§ 4. The Trinity of Manifestations founded in the Truth of Things.

We repeat, that this view is an Orthodox view of the Trinity, according to the teaching of the greatest fathers of the Church. If we suppose that the Deity has made, and is evermore making, three distinct and independent revelations of himself,—each revelation giving a different view of the divine Being, each revelation showing God to man under [pg 433] a different aspect,—then each of these is a personal manifestation. Each reveals God as a Person. If we see God, for example, in nature, we see him not merely as a power, a supreme cause, but also a living Person, who creates evermore out of a fulness of divine wisdom and love. God in nature is, then, a Person. Again: if God reveals himself in Christ, it is not as abstract truth or as doctrinal statement. But we see God himself, the personal God, the Father and Friend, the redeeming grace, the God who loved us before the foundation of the world, approaching us in Christ to reconcile us and save us. It is a God who “so loved the world” that we see in Christ, therefore, a Person. And so the Spirit, which speaks in the human conscience and human heart, is not a mere influence, or rapture, or movement, but is one who communes with us; one who talks with us; one who comforts us; one who hears and answers us; therefore a Person.

If, then, there is no antecedent objection to this form of the Trinity as a threefold manifestation of the divine Being, we have only to ask, Is it true as a matter of fact? Has such a threefold manifestation of God actually taken place? We reply, that it is so. According to Scripture, observation, and experience, we find such to be the fact. Scripture shows us God, the Father, as the source of all being, the fountain and end of all things; from whom all things have come, and to whom all things tend. As the Creator, he reveals himself in nature and providence (as the apostle Paul declares), “being understood by the things that are made,” and “not leaving himself without a witness.”

Supreme power, wisdom, and goodness are manifested in nature as unchanging law, as perfect order. But God is seen in Christ again as Redeemer, as meeting the exigencies arising from the freedom of the creature by what we call miracle; not contrary to nature, but different from nature, showing himself as the Friend and Helper of the soul.

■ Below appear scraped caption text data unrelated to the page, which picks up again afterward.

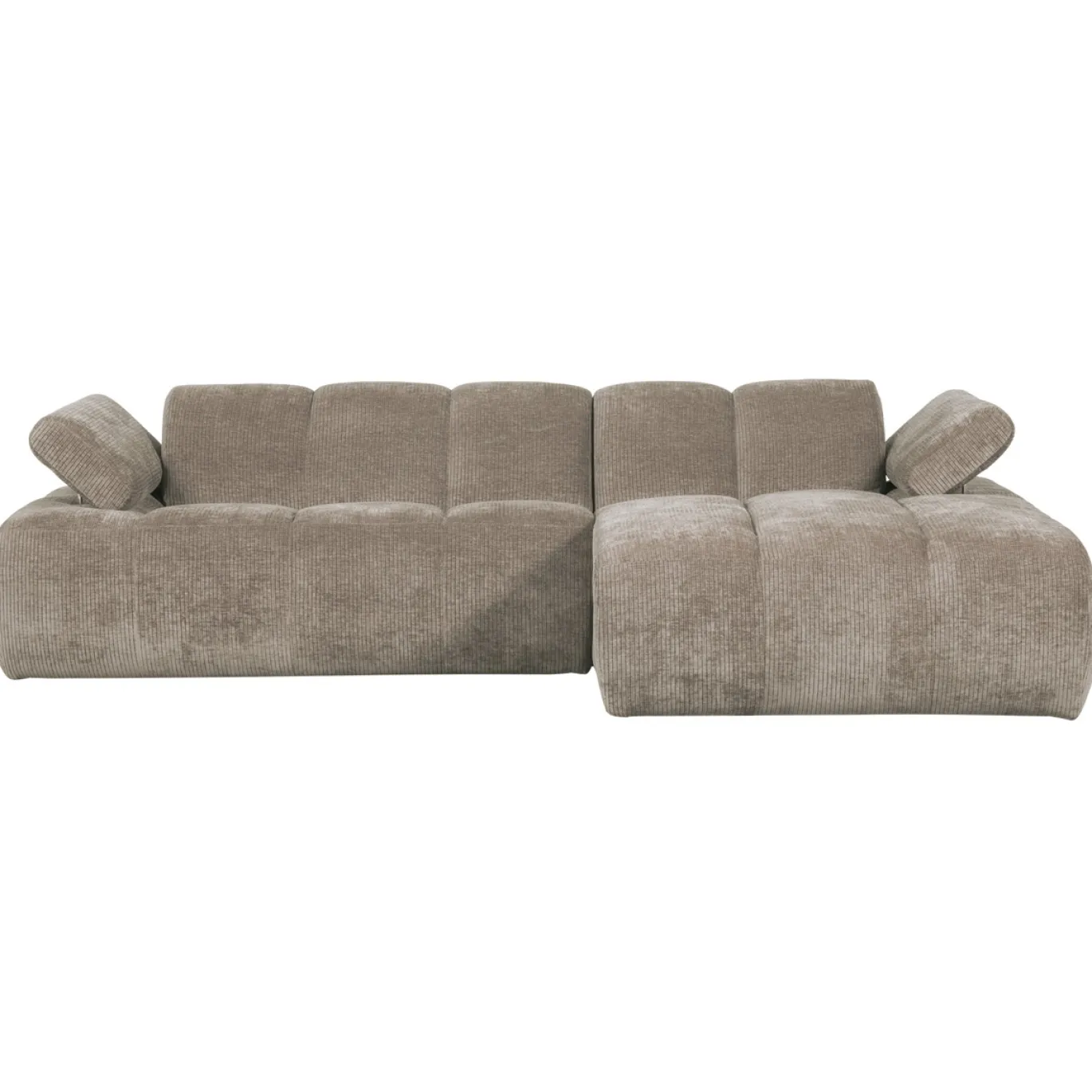 Woood Chaise Longue Bank Mojo Rechts Ribstof Donker Zand
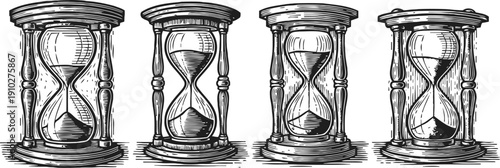 set of vintage hourglasses with flowing sand time measurement, classic wooden frame, antique timer illustrations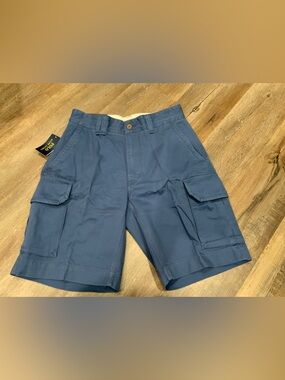 New Polo Ralph Lauren Royal Blue Cotton Classic Chino Cargo Shorts Mens Sz 32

As [pg 434] the essence of the first revelation of God is the sight of his goodness, and wisdom, and power, displayed in law, so the essence of the second revelation is of the same essential Being displaying himself as love. In the first revelation, he is the universal Parent; in the second, he is the personal Friend. But there is a third revelation which God makes of himself,—within the soul as life. The same power, wisdom, and goodness which we see displayed externally in outward nature, we find manifested internally in the soul itself, as its natural and its spiritual life. That which is displayed outwardly as power is manifested within the soul as cause; that which is manifested outwardly as wisdom is revealed inwardly as reason; and that which is manifested outwardly as goodness is manifested inwardly as conscience, or the law of right.